Was wirklich hinter dem Vorsprung steckt
Der Kostenvorteil ist nicht bloß Buchhaltung, sondern Technik: LFP/LMFP-Zellen, hochintegrierte Packs, Leistungselektronik aus einer Hand. Dazu kommt eine Software, die das Auto zum Endgerät macht – mit Over-the-Air-Updates im Quartalstakt und einem App-Ökosystem, das Kunden bindet. Das Ergebnis: wettbewerbsfähige Fahrzeuge im Massenmarkt, die in Europa lange fehlten.
Europas blinde Flecken
- Batterietiefe: zu wenig Zell- und Materialfertigung in Europa, zu viel Importabhängigkeit bei Vorstufen.
- Software-Reife: langsame OTA-Zyklen, Insellösungen statt Plattform – Mehrwert entsteht anderswo.
- Beschaffung & Netze: Ausschreibungen belohnen den niedrigsten Preis, nicht Resilienz oder CO₂-Bilanz; Netze und Genehmigungen bremsen Fabriken und Ladeinfrastruktur.
Politik: Werkzeuge gibt es – genutzt werden sie zu selten
Zölle, Beihilfe- und Vergaberegeln verschaffen Luft, lösen aber keine Strukturprobleme. Entscheidend ist Umsetzung, nicht Ankündigung. Drei Schritte sind überfällig:
- NZIA/CRMA operativ machen: Genehmigungen in Monaten statt Jahren; Rohstoffdeals mit Volumengarantie; Recyclingquoten, die auch greifen.
- Beschaffung umstellen: Resilienz-, CO₂- und IT-Sicherheitskriterien verbindlich gewichten – nicht als Feigenblatt, sondern als Zuschlagsfaktor.
- Skalierung finanzieren: Spätphasen-Kapital für Zellchemie, Leistungselektronik, Recycling. Ohne Geld kein Maßstab.
Hersteller: Von der Pressemappe zur Produktkurve
- Batterie-Allianzen: LFP/LMFP parallel zu NMC, Vorstufen nach Europa holen, Pack-Integration als Kernkompetenz.
- Software als Produkt: quartalsweise OTA-Releases, Appstore, Bezahlinfrastruktur im Fahrzeug. KPIs: aktive Nutzer, OTA-Kadenz, Softwareumsatz pro Fahrzeug.
- NOA pragmatisch: Autobahn zuerst, Stadt schrittweise – mit belastbaren Sicherheitskennzahlen statt Marketinglevels.
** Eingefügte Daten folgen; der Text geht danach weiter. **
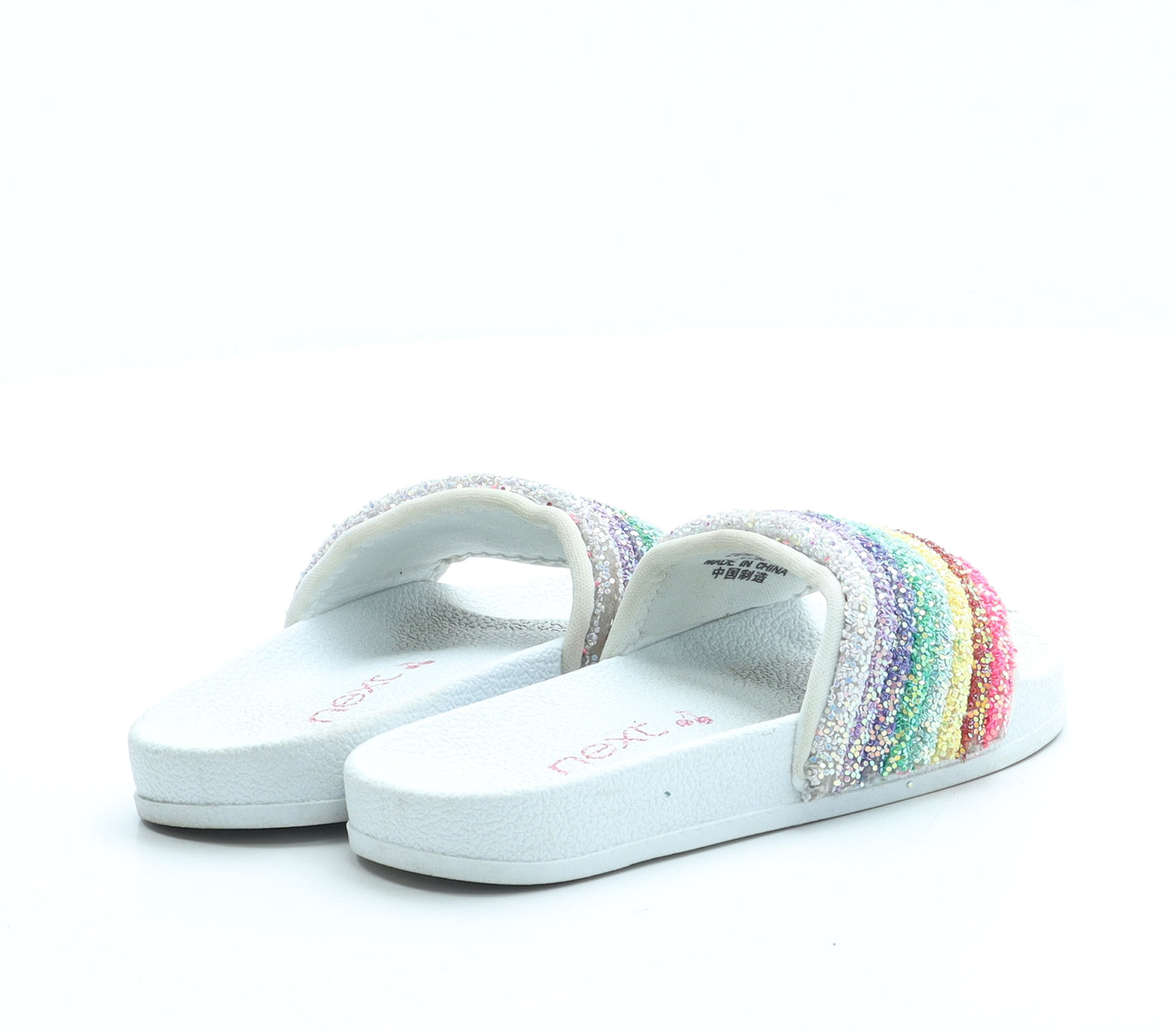 NEXT Girls White Striped Rubber Slider Sandal UK 9 26 - Rainbow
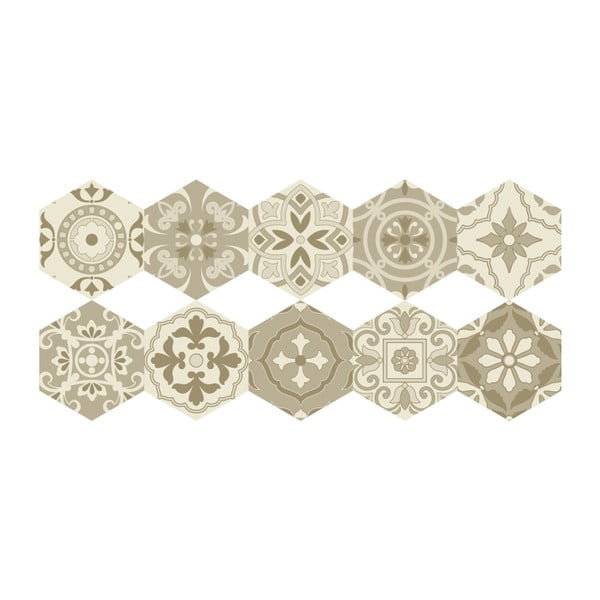 Sada 10 samolepiek na podlahu Ambiance Floor Stickers Hexagons, 40 × 90 cm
- Plattformdisziplin: wenige BEV-Architekturen, maximale Teilegleichheit; Variantenvielfalt in Software, nicht in Hardware.
Über die Autoindustrie hinaus
Die Logik wiederholt sich in Solar, Wind und Medizintechnik: China liefert skaliert, Europa vergibt nach Preis. Wer so weitermacht, importiert nicht nur Produkte, sondern Abhängigkeiten. Ohne Resilienz- und CO₂-Kriterien in Ausschreibungen bleibt jede Industriepolitik ein Papiertiger.
Die Messlatte bis 2030
- 40 % EU-Fertigung bei Schlüssel-Cleantech (inkl. Zellen/Materialien) – real, nicht nur auf Folien.
- ≥ 15 % BEV-Bruttomarge bei Volumenmodellen in Europa – durch Kostenrunterlauf und Softwareerlöse.
- ≥ 4 substanzielle OTA-Updates/Jahr je Baureihe.
- NOA-Sicherheitsgewinn ≥ 50 % gegenüber manuellem Fahren in EU-Piloten – transparent belegt.
- Beschaffung: ≥ 30 % großer Vergaben mit Resilienz/CO₂/IT-Sicherheit als ≥ 30 % des Scorings.
Fazit
E-Autos aus China sind nicht die Ursache, sondern der Indikator einer strategischen Lücke. Europa braucht befristeten Schutz, der Zeit kauft – und aggressiven Angebotsaufbau, der Wettbewerbsfähigkeit schafft. Ohne sichtbare Fortschritte bei Batterien, Software und Beschaffung wird aus dem Weckruf ein Wehklagen. Noch ist Zeit. Nicht mehr viel.